Abstract:BACKGROUND Inductively coupled plasma-mass spectrometry (ICP-MS) is used for the determination of trace silver in geological samples. Hydroxides and oxides of Zr, Nb, Mo cause serious overlapping interference on the two mass numbers of 107Ag and 109Ag, which can result in a significant deviation of the results.
OBJECTIVES To develop a method for precise determination of trace Ag in geological samples.
METHODS Considering that the MS interference of 107Ag is relatively simple and only 90Zr16OH+ and 91Zr16O+ have interferences on 107Ag, 107Ag was selected for the determination of silver in ICP-MS analysis. In the sample pretreatment, hydrofluoric acid, perchloric acid and nitric acid were used for open digestion, and excessive ammonia was added to the extraction solution. The main interference element Zr of 107Ag was separated by precipitation. Trace silver was determined with Re as the internal standard to complement matrix effect and signal drift.

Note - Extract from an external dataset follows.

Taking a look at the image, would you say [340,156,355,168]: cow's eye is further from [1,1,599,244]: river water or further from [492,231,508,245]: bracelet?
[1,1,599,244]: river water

RESULTS The content of trace silver in national standard materials of stream sediment, rock and soil was determined by ICP-MS. The test value was consistent with the certified value. The detection limit of the method was 0.0031μg/g, and the relative standard deviation (RSD) was 4.38%.
CONCLUSIONS The method has the advantages of simple and accurate measurement of trace silver. Moreover, common metal elements can be determined before adding ammonia to the leaching solution, so that the extraction solution can be recycled.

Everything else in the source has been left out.